In un precedente lavoro su creste di lava a forma di V vicine all’Islanda, Jones aveva dimostrato che pressioni localizzate del mantello caldo si verificano periodicamente nella zona del pennacchio islandese, con la conseguenza di spingere verso l’alto le placche tettoniche adiacenti.

Per Jones queste creste sono ‘la pistola fumante’, la prova tangibile della validità della dinamica dei magmi ascendenti in questi hot pots, o punti caldi.

L’unico problema è che le creste islandesi non risalgono al tempo del PETM, ma sono di recente formazione.

Altre considerazioni invece potevano scaturire dall’esame delle estese formazioni di arenarie vicine alla Scozia che, ampiamente studiate e scansionate, anche nel corso di campagne petrolifere, hanno consentito di poter essere considerate i resti erosi dell’antico ponte di roccia sollevatosi nell’Atlantico 56 milioni di anni fa, in concomitanza con il PETM.

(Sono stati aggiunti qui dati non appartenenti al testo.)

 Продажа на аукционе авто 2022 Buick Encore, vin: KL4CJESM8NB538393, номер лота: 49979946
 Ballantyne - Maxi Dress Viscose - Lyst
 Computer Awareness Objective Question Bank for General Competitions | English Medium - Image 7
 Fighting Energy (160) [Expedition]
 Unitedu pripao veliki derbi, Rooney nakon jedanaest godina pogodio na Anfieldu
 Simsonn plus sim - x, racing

Ma quanto materiale, allora, poteva provenire dal mantello?

Si poteva calcolarne la quantità abbastanza accuratamente, scansionando il fondo marino alla ricerca dei ‘sills’; misurazione che è stata effettuata dai geologi Murray Hoggett e Karina Fernandez, i quali, dopo decine di migliaia di scansioni sismiche, hanno dedotto una quantità di sills oscillante tra gli 11mila e i 18mila.

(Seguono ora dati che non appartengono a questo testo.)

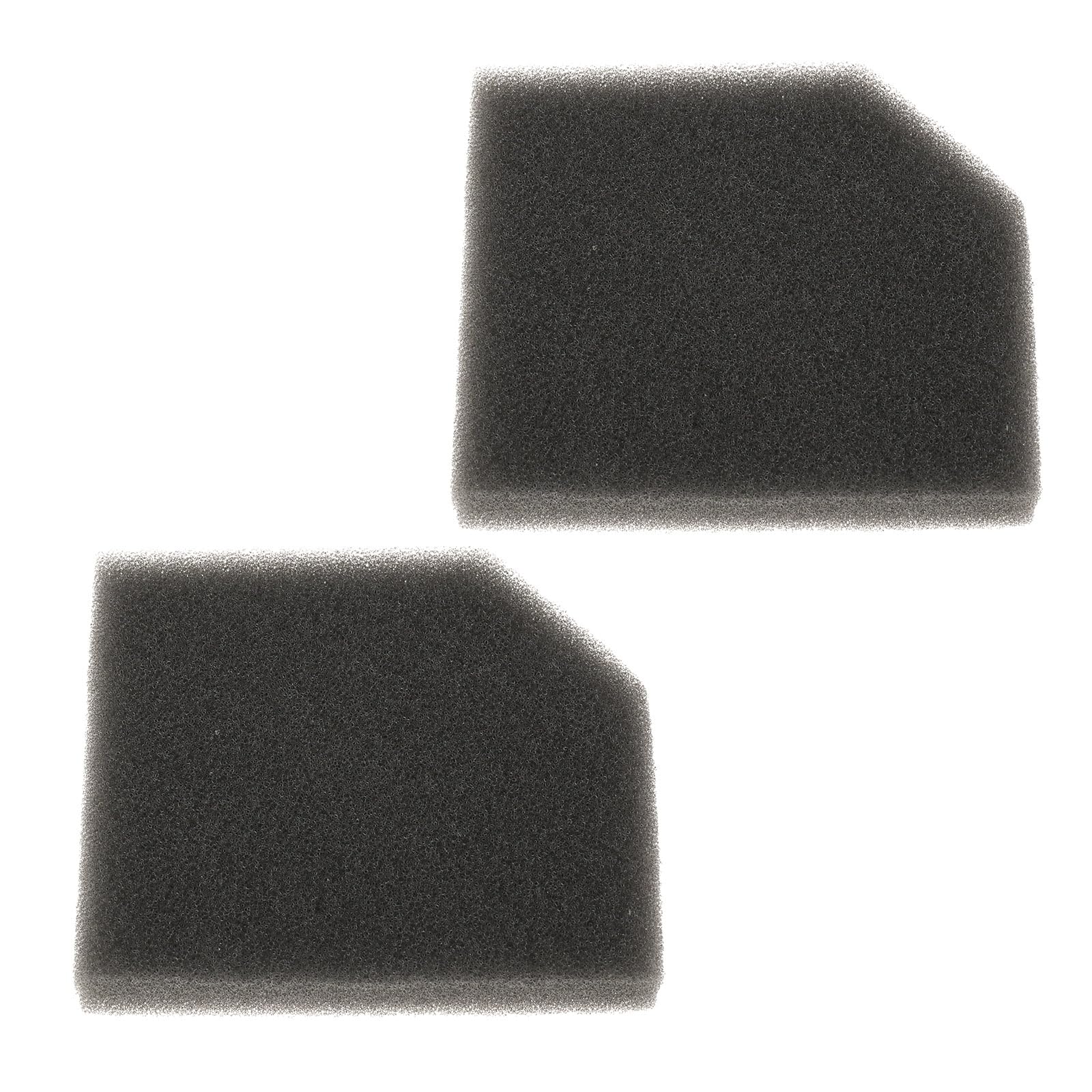 LT Easiyl 2pcs Pruner Air Filter 072700461BR Compatible with Efco strimmer Pruner CR74 8350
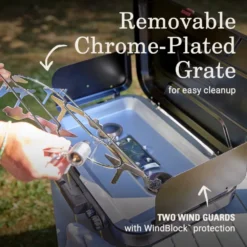 Coleman Classic 3-Burner Camping Stove -Outdoor Camping Store Coleman Classic 3BurnerCampingStove ATF5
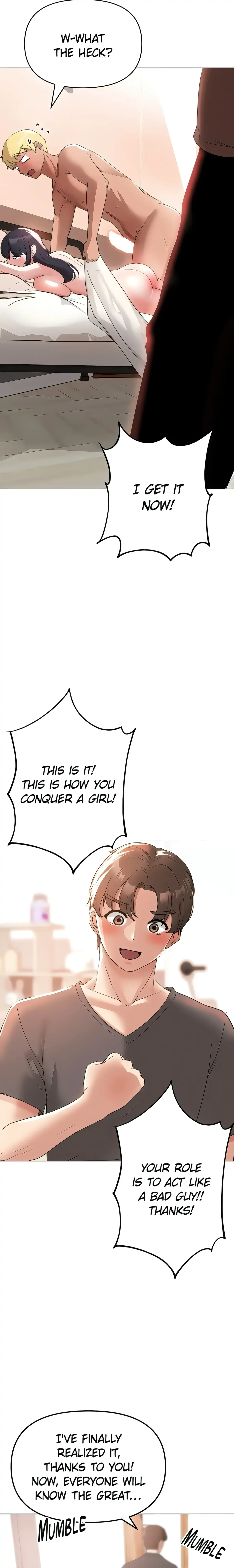 A Wannabe Golden Gangster Chapter 4 page 29 - 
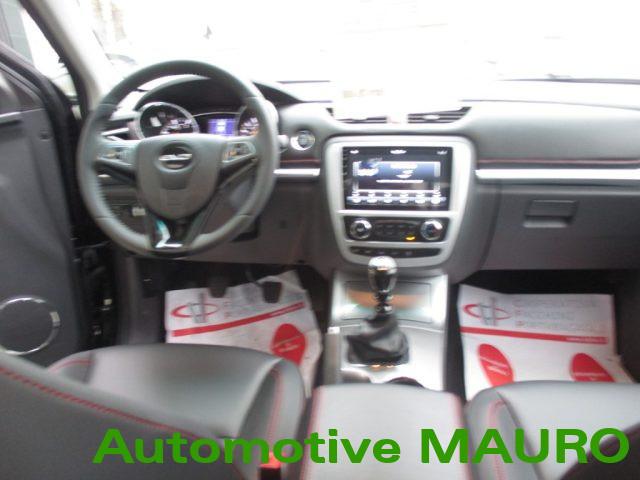 EVO Evo Cross4 Evo Cross 4 2.0 Turbo Diesel Doppia Cabina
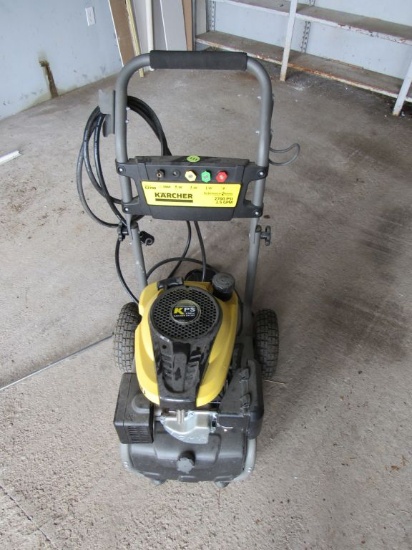 Power washer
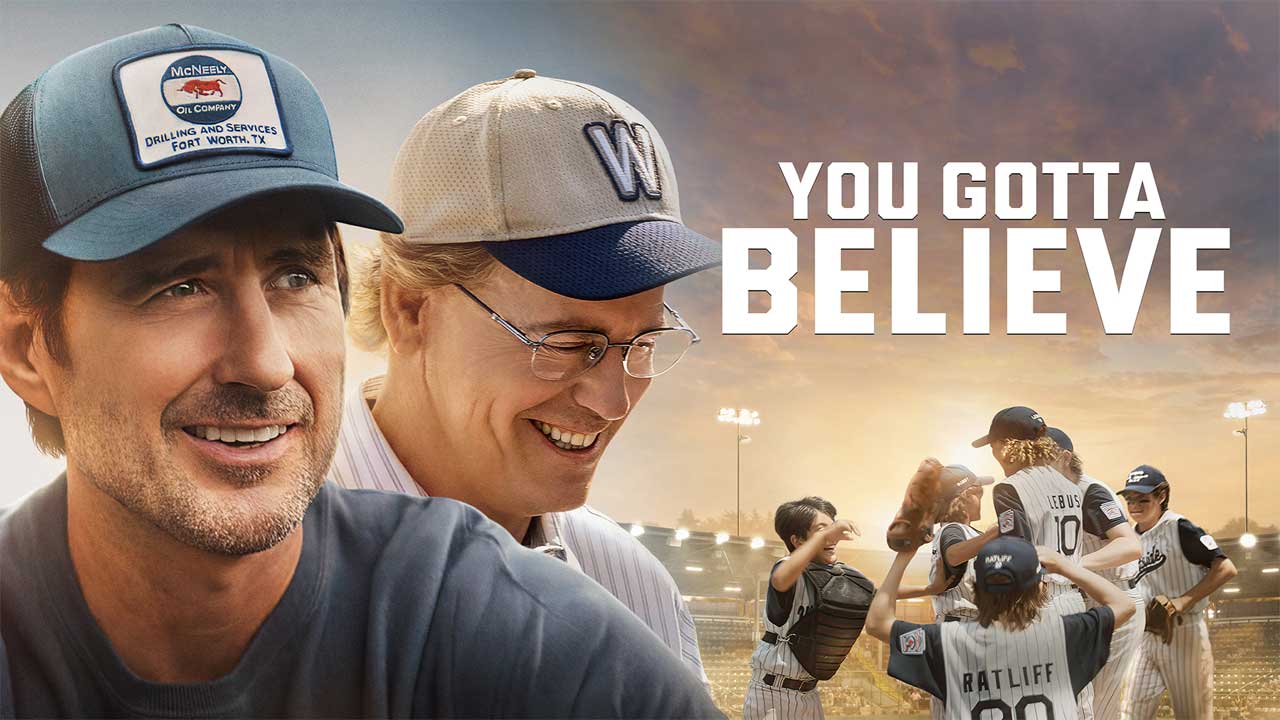 You Gotta Believe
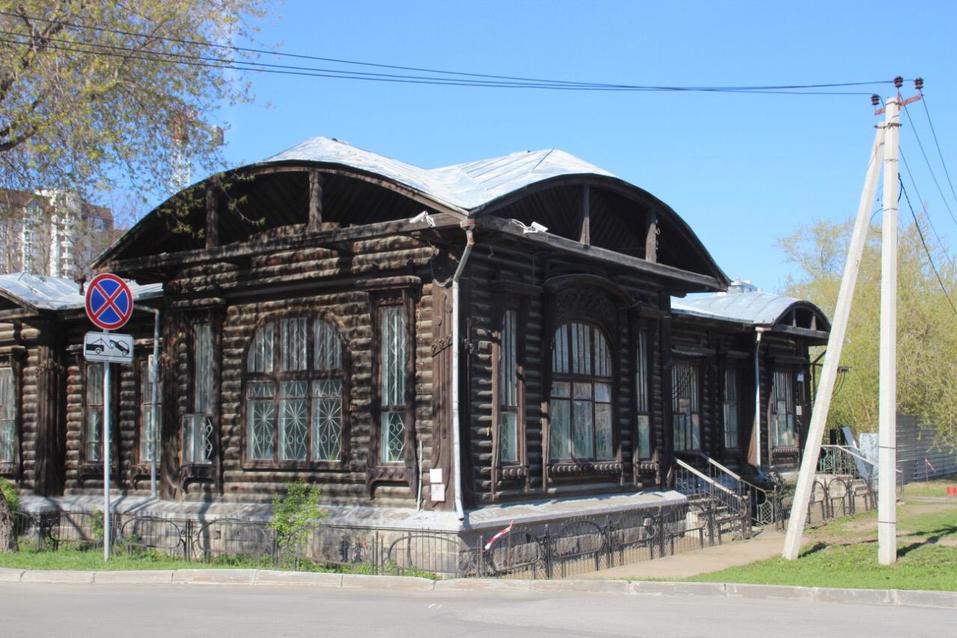 Усадьбу в «Екатеринбург-Сити» отреставрируют за 20 млн рублей 1 Усадьбу в «Екатеринбург-Сити» отреставрируют за 20 млн рублей 1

Ricorrendo all’ausilio dell’ industria petrolifera, si è così potuta calcolare la velocità di emissione dei gas dai fondali marini in relazione al volume di sills, giungendo a constatare che i risultati concordavano con il rilascio di carbonio calcolato dagli isotopi dei sedimenti.

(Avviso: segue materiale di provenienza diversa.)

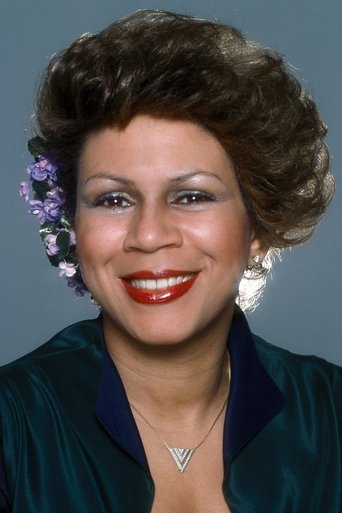 Portrait of Minnie Riperton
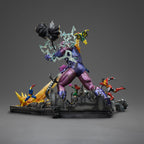 Productafbeelding Marvel Demi Art Scale Statue 1/20 X-Men Danger Room Diorama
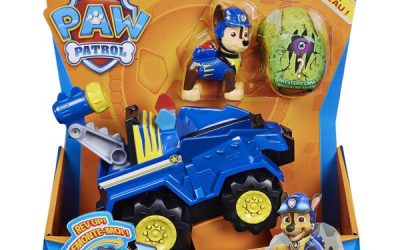 Paw Patrol Dino Deluxe Vehicles Chase – Paw Patrol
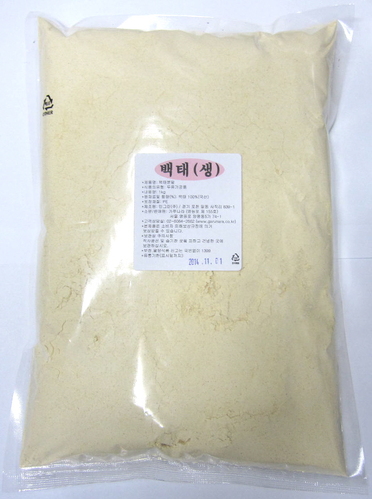 생콩가루/(생)백태가루/국산 100% 1kg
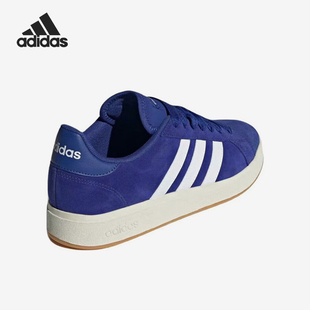 阿迪达斯正品 板鞋 Grand Base男女经典 IH1039 Court Adidas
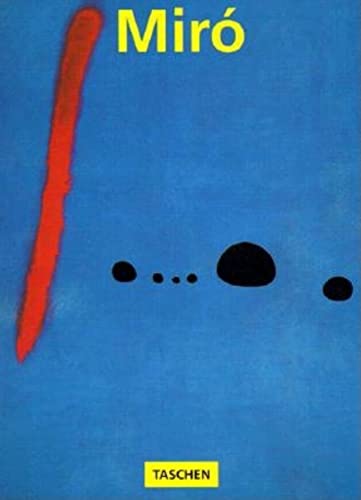 Joan Miro 1893-1983 - Mink, J.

Alla luce di queste osservazioni, Lee Kump, un geoscienziato della Pennsylvania State University, fino ad ora nettamente favorevole all’ipotesi dei ‘clatrati’, seguito da altri colleghi, ha cambiato il suo punto di vista, definendo le conclusioni del nuovo studio come ‘prove convincenti che la Provincia Ignea del Nord Atlantico è il fattore scatenante e principale meccanismo dell’emissione di carbonio durante il PETM’.

Dello stesso avviso è Appy Sluijs, dell’Università di Utrecht, che ha concordato: “Il vulcanismo avrebbe sicuramente potuto scatenare l’evento”; aggiungendo comunque che il rilascio di clatrati ne potrebbero aver sicuramente amplificato la portata.

Altri scienziati, tra cui Richard Zeebem, dell’Università della Hawaii, sono di parere avverso e non abbandonano del tutto l’ipotesi che le orbite terrestri, in particolari periodi della storia del pianeta, avrebbero prodotto ulteriore calore solare, portando verso picchi di riscaldamento più pronunciati.